16GB/s is a bit tight but that's where prefetches based on pre-defined usage hints as well as the branch predictor in the GPU and the CUDA Compiler/Runtime that feeds the GPU without stalling as much as possible.
OFC you can I/O bound a GPU that's is actually pretty easy these days even in normal (gaming) workloads (e.g. draw call limit).
Let's say you are building a 4 GPU DB, if you are using NVLINK you each GPU can see the entire memory space of the other GPUs connected on the same NVLINK (there is also RDMA which can be done over the network but this is a complicated scenario) in this case you have 96GB of high speed VRAM + which ever amount of memory you can put on your CPU which can be upto 1.5TB or so per socket these days, you also have 64GB/s of bandwidth to feed that 96GB of memory with which means that it takes a second and a half to completely refill the memory completely (and I'm still not sure that the same lossless compression schemes that GPUs use these days for won't work for your data which would give you much higher effective bandwidth that the compression/decompression if free on the GPU side).

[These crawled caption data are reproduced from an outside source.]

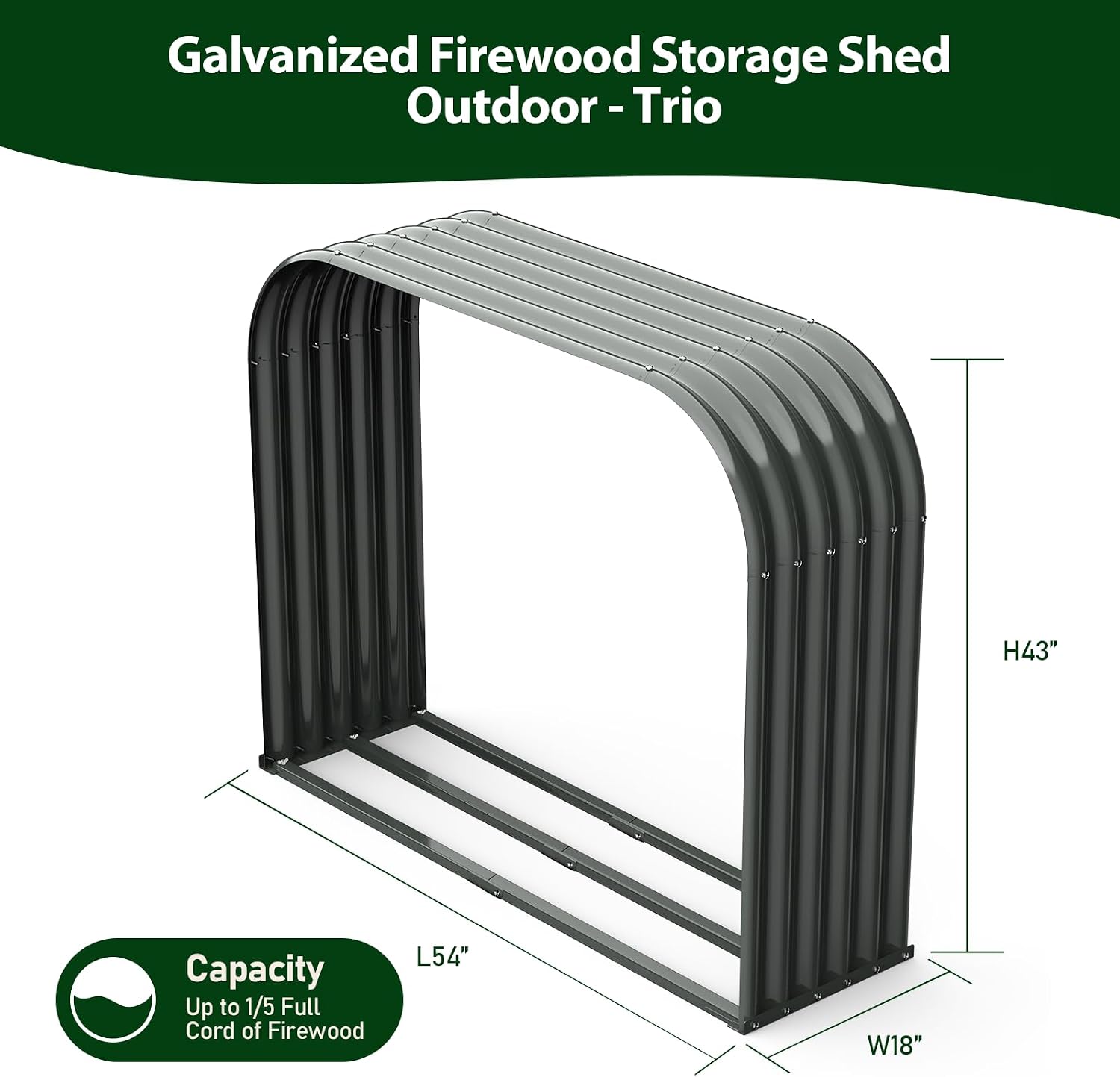 ANLEOLIFE Galvanized Steel Firewood Rack with Weatherproof Corrugated Roof (Shed-Style Log Storage), Heavy Duty Outdoor Log Holder, Rust Resistant, Trio Gray, 18'D x 54'W x 43'H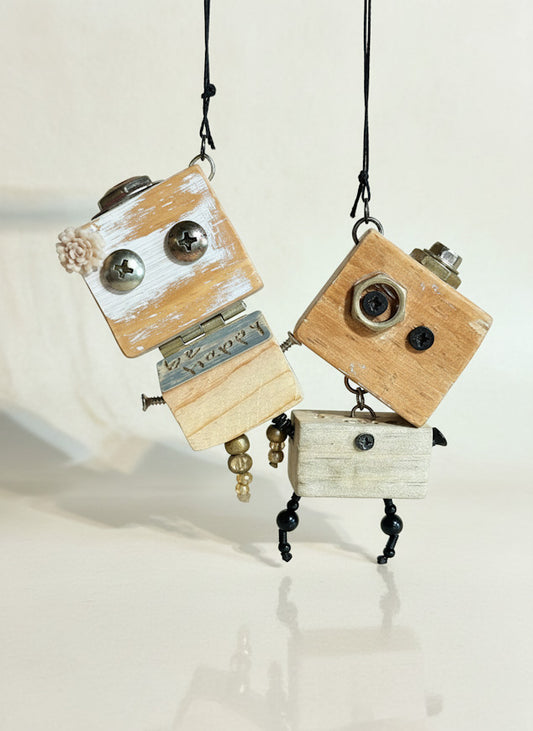 Madame Bijoux and Frederick — Reclaimed Wood Robot Keychain Set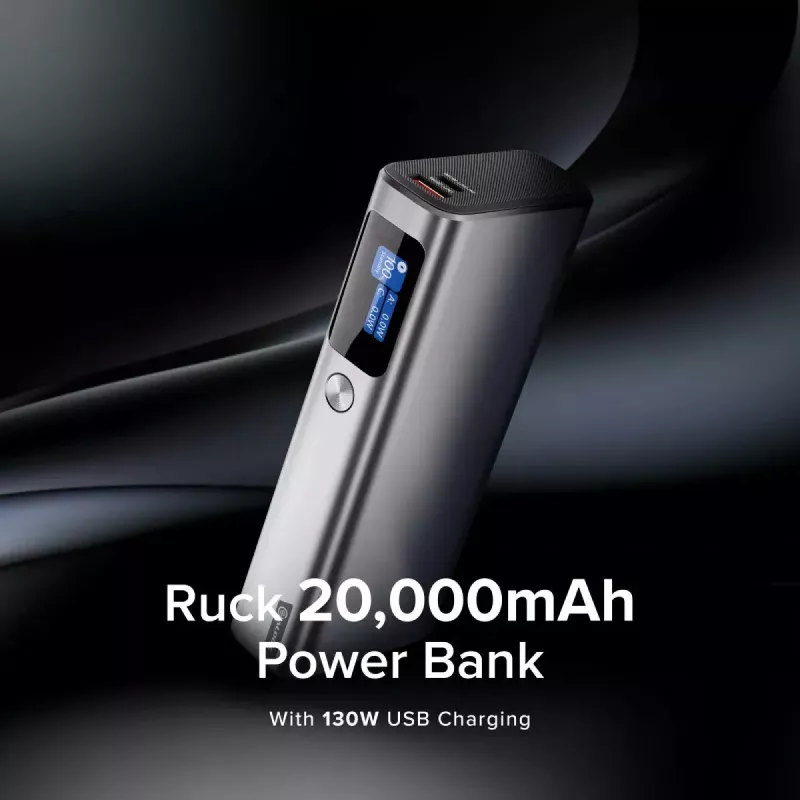 Ārējais akumulators ALOGIC Ruck 20000mAh, 130W USB uzlāde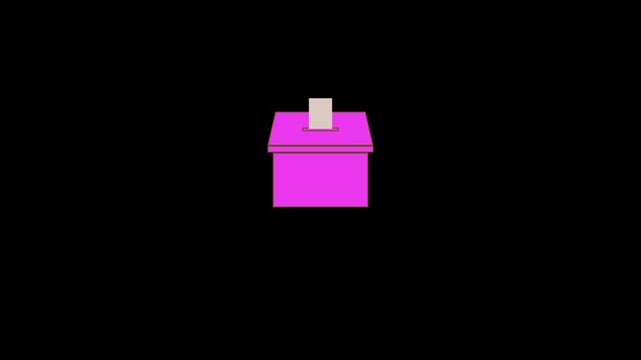 Illustration of a purple ballot box, with paper inserted into the box. Repeating motion graphic.
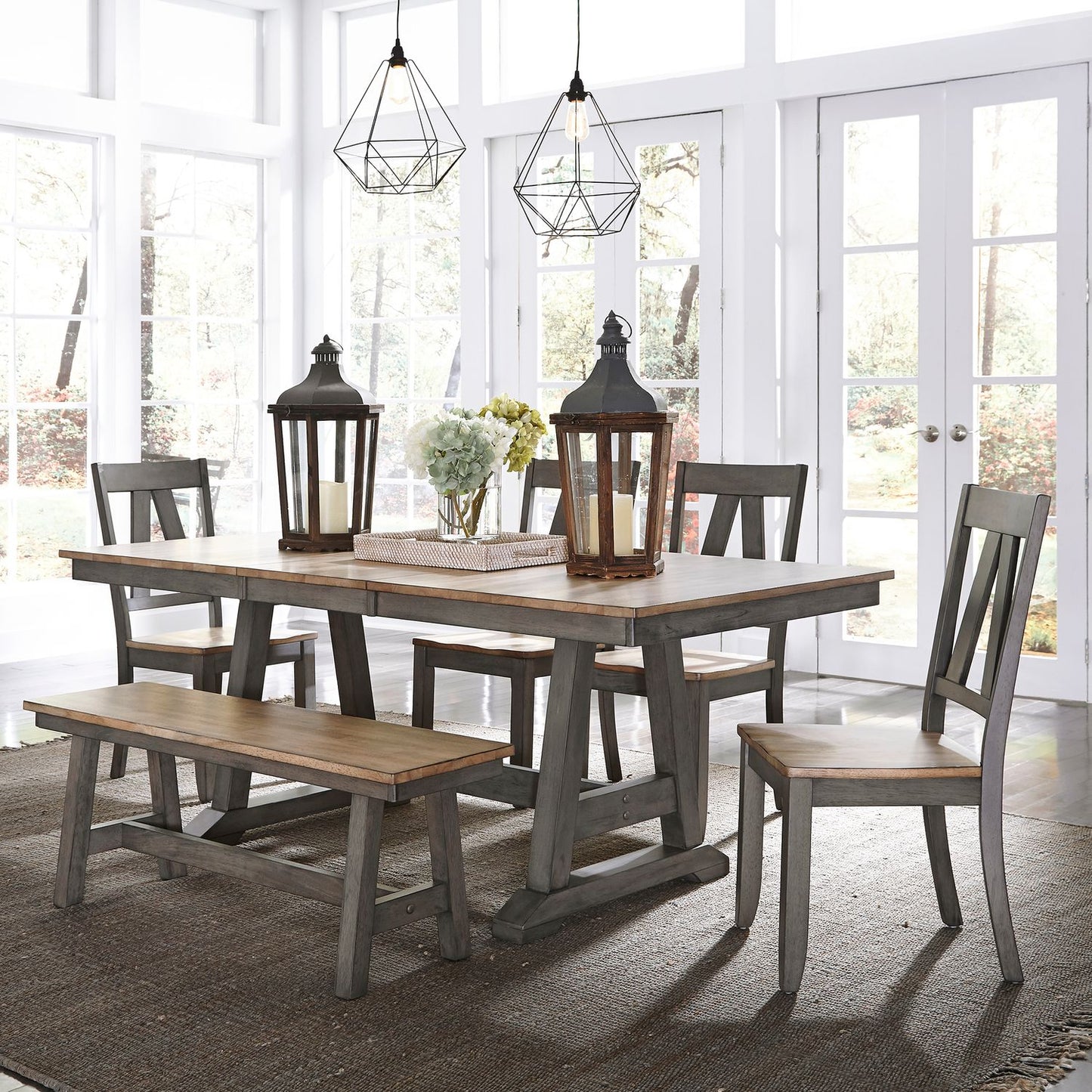 Lindsey Farm - 6 Piece Trestle Table Set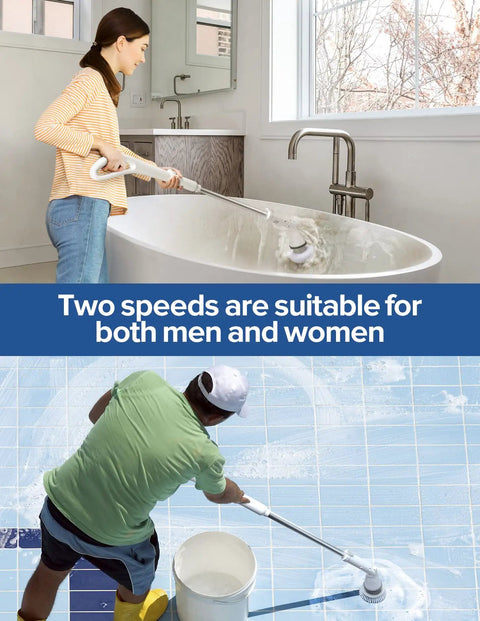 Cordless Spin Scrubber With LED Display and detachable D shape handle cleaning bathtub and floor tiles by men and women
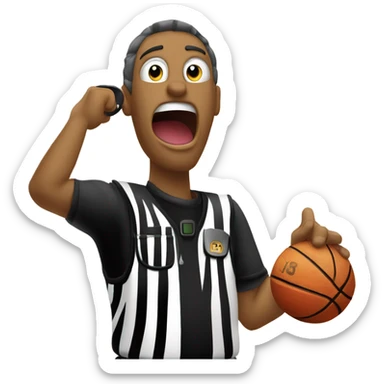 Zebras basketball referee. Cancel symbol overlay sticker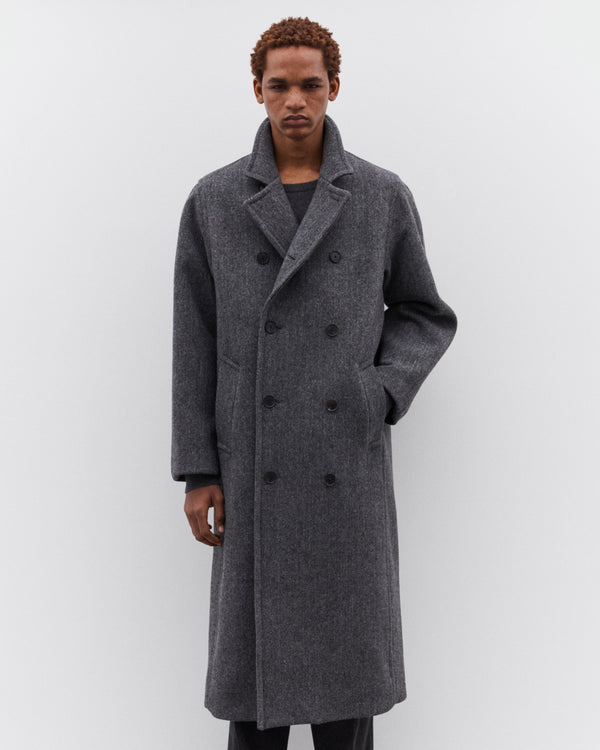 Auralee - Men’s Shetland Wool Double Cloth Coat - (Grey Herringbone)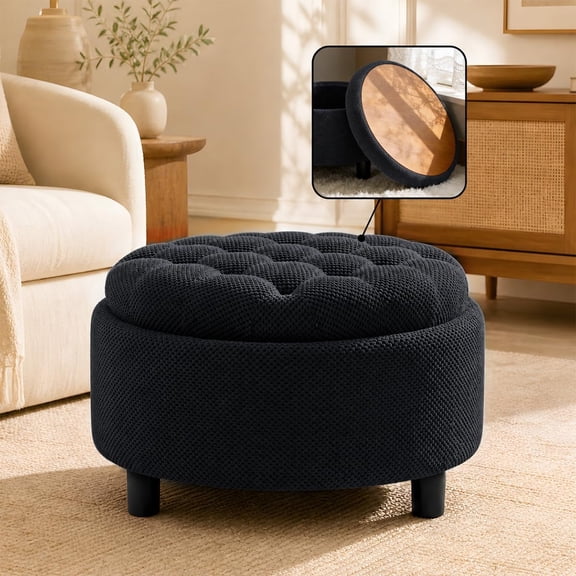25" Round Storage Ottoman with Reversible Wood Tray Top, Black Fabric Tufted Footrest and Coffee Table, Hidden Storage for Blankets & Pillows, Sturdy Side Table for Living Room & Small Spaces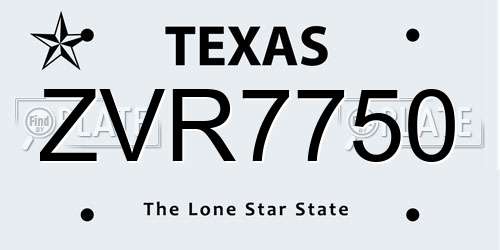 ZVR7750 Texas License Plate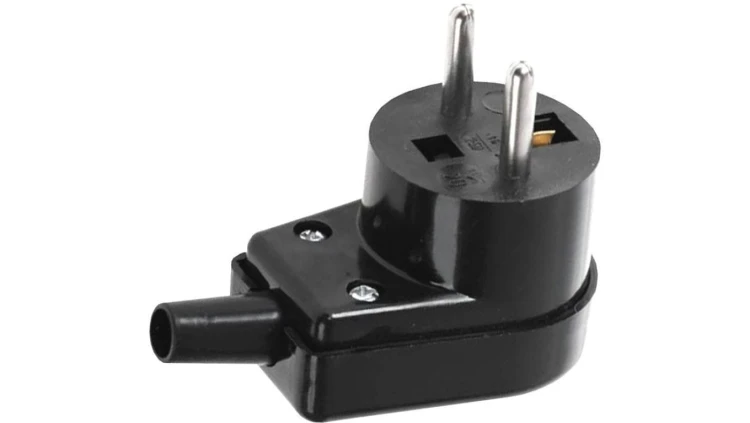 Wtyczka kątowa 220-05 16A 250V IP20 CZARNA VIPLAST 220-05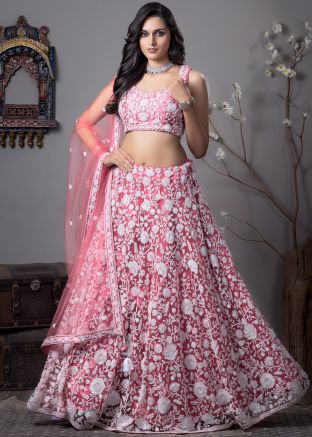 Pink Embellished Satin Lehenga Choli & Dupatta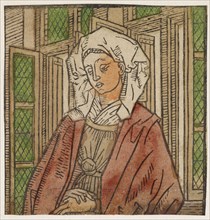 Sibyl, c. 1460/70, woodcut, colored (unique), unique, leaf: 9.4 x 9.1 cm, Anonym, Niederlande, 15.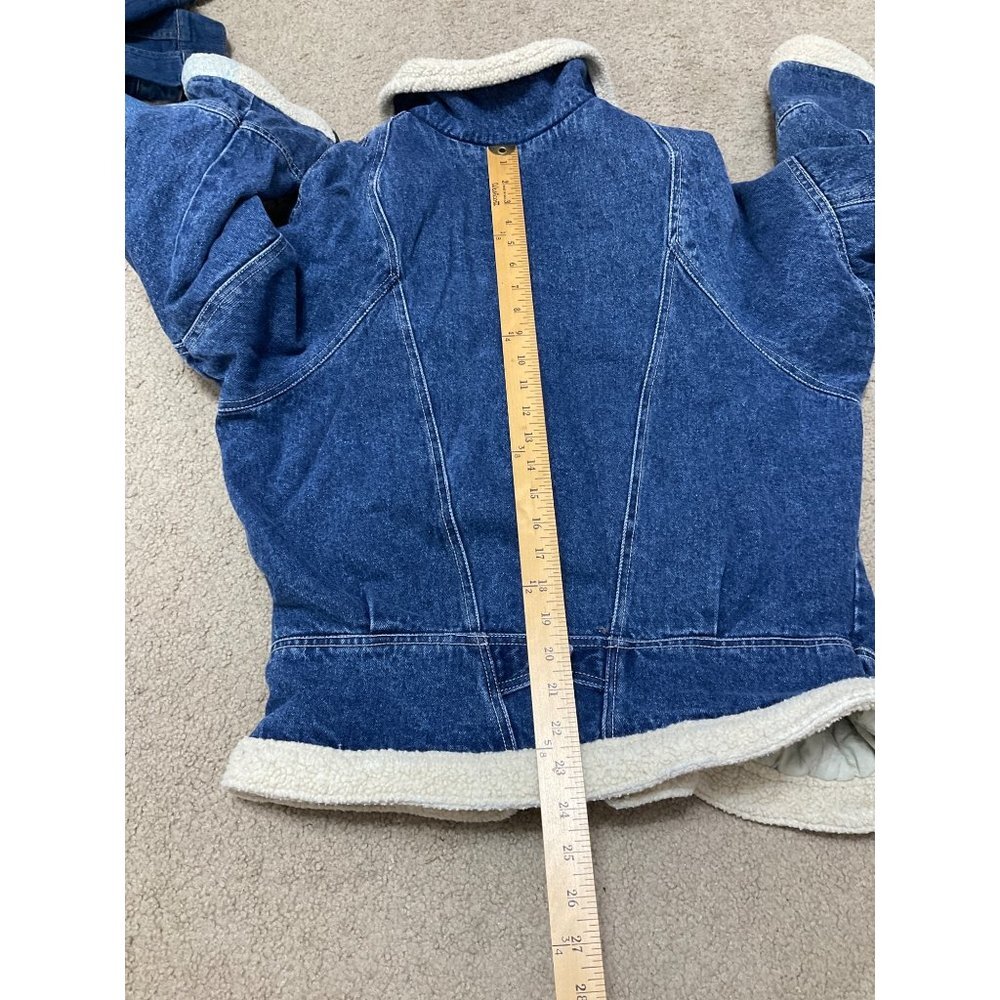 Syn Jean Vintage Aviator Flight Jean Jacket Large Womens - Picture 8 of 9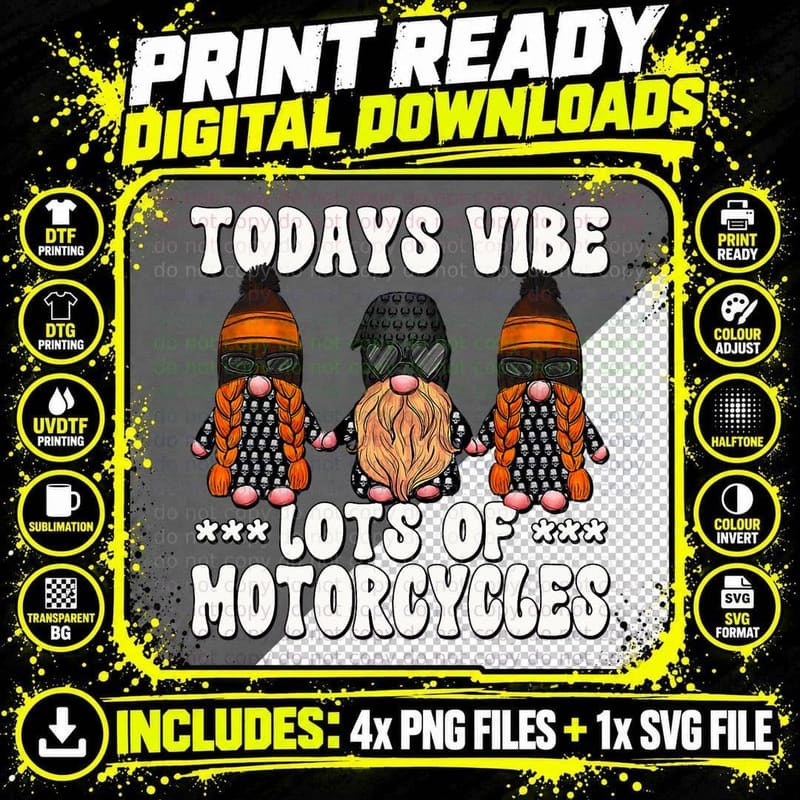 Funny Gnomies in Retro Biker Gnome Costume Motorcycle Png SVG Digital Bundle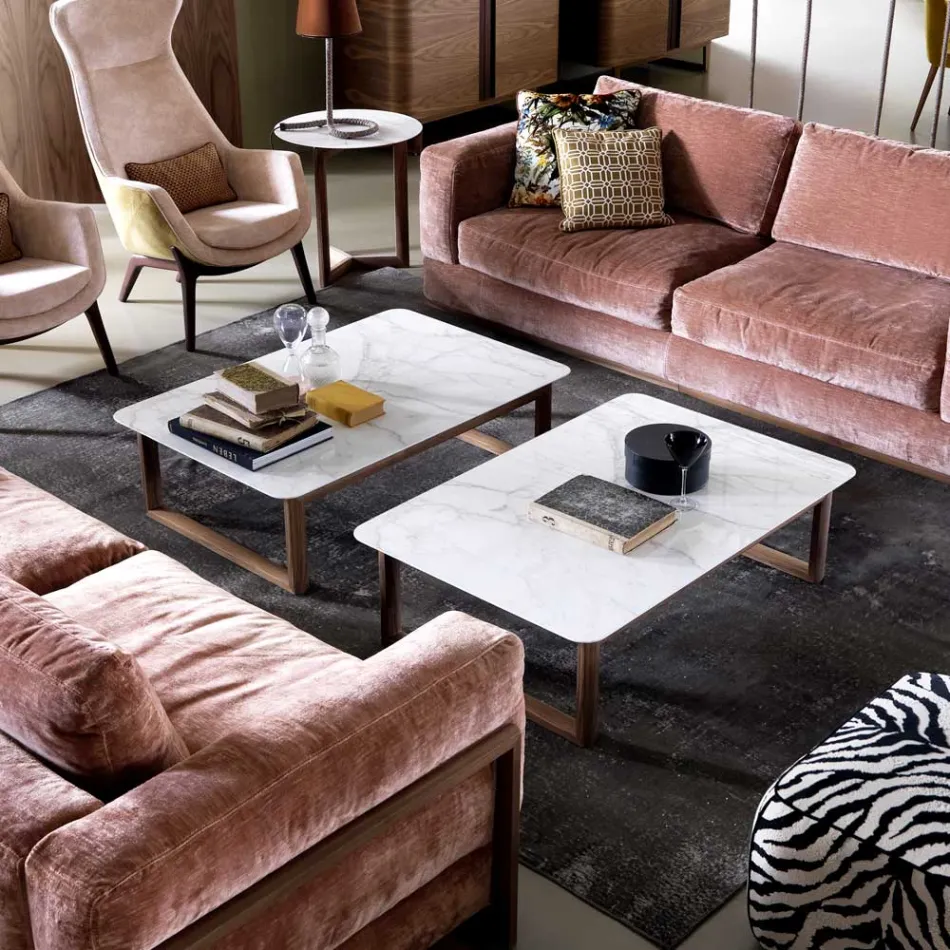 Table basse design en bois massif et plateau en marbre Grilli York Viadurini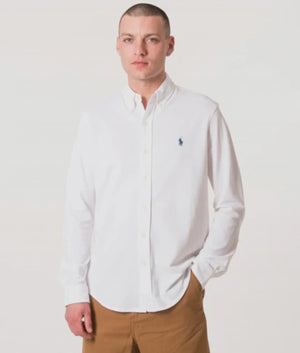 Polo Ralph Lauren Featherweight Mesh Shirt in White at EQVVS Menswear. Model video.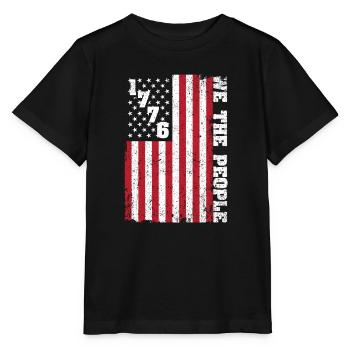 1776 Nous, le peuple patriote américain, - T-shirt bio MINI CREATOR Stanley/Stella Enfant - noir - Devant - Mikhail (115cm)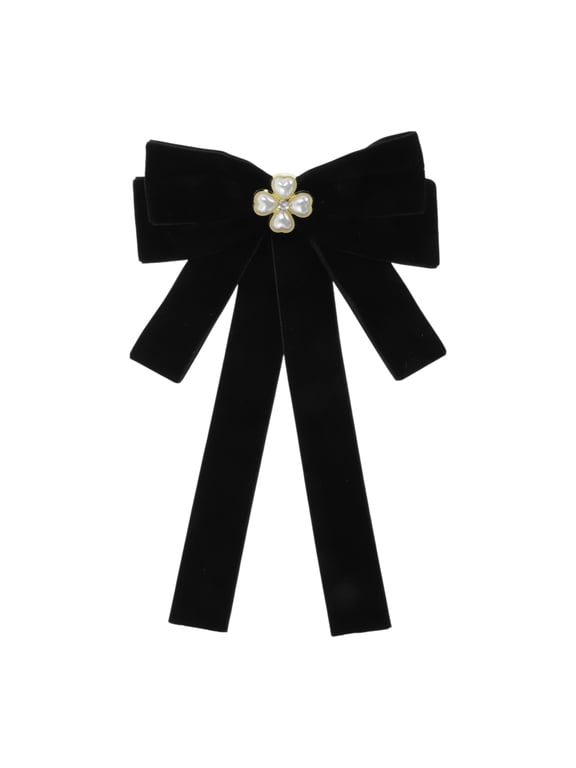 Bowknot Ribbon Bow Brooch Neck Tie Deep Black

With these figures I can't see a reason why you can't optimize your memory residency to have the best of both worlds fast key-value/hash or index lookups for IO bound tasks and then programmatically prefetching the workload or if the branch prediction is good enough just letting it roll in processing bound tasks.
So yes it's not "perfect" but nothing ever will, the question is it much faster or even orders of magnitude faster for certain tasks / workloads / implementations than a CPU only DB and clearly it is.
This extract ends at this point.